*YOUR OBJECTIVE*
Copy, word for word, the lines below from the one containing "Portrait of smiling" up to and including the one containing "A hotel room", with pictures left out.

*DATA SHOWN*
————————

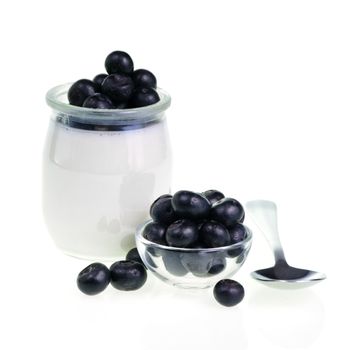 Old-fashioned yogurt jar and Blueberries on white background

————————

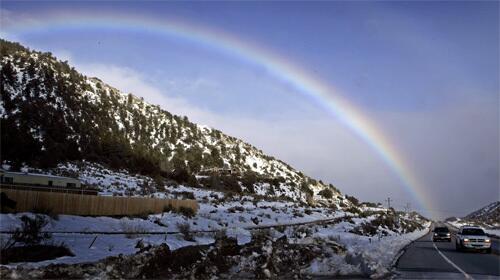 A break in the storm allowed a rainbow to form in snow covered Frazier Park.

————————

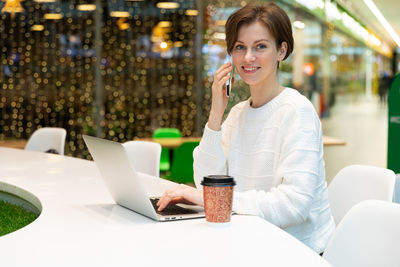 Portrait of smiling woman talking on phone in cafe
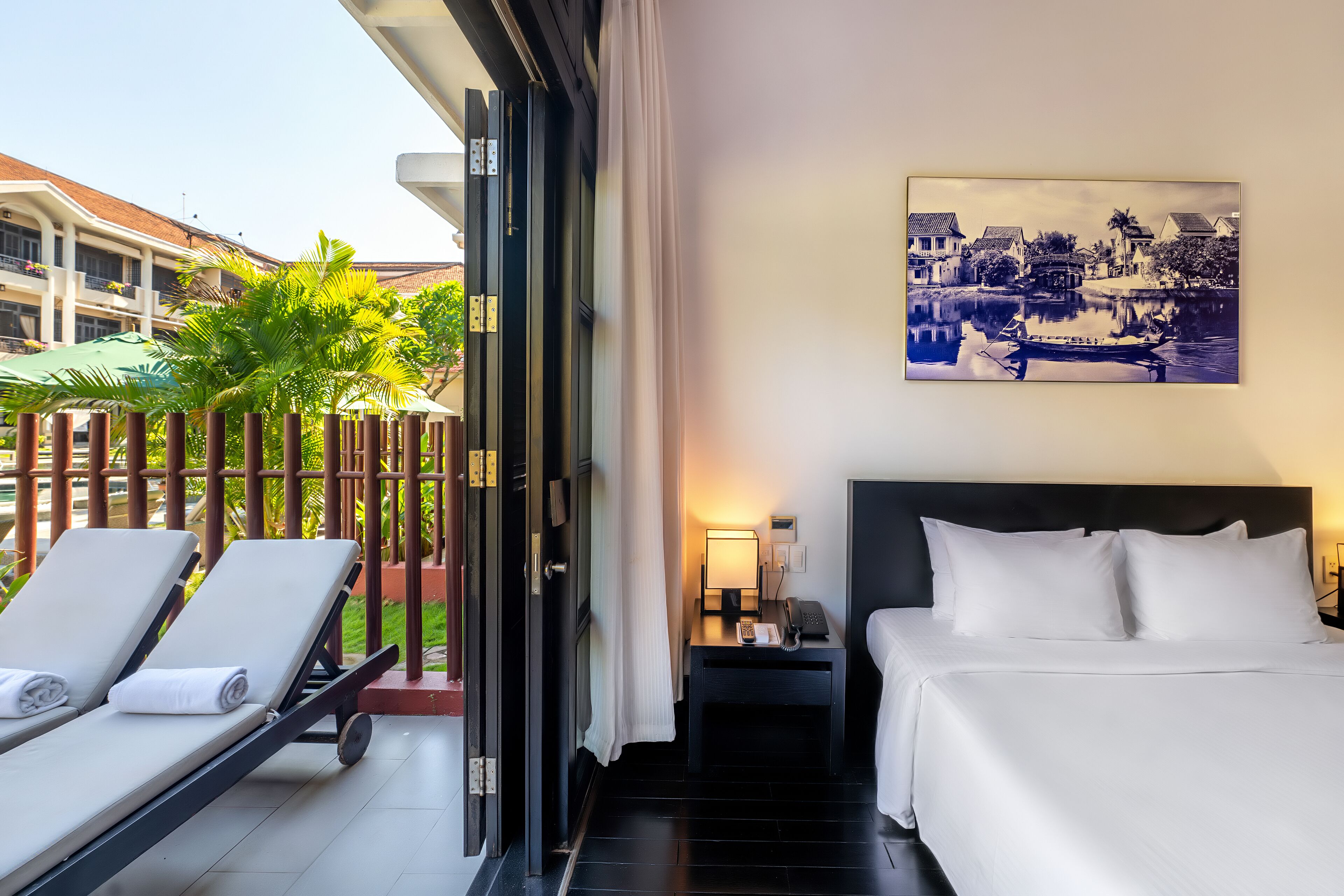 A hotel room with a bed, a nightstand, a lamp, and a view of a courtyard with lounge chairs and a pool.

————————

*ANSWER TO THIS TASK*
 Portrait of smiling woman talking on phone in cafe
 A hotel room with a bed, a nightstand, a lamp, and a view of a courtyard with lounge chairs and a pool.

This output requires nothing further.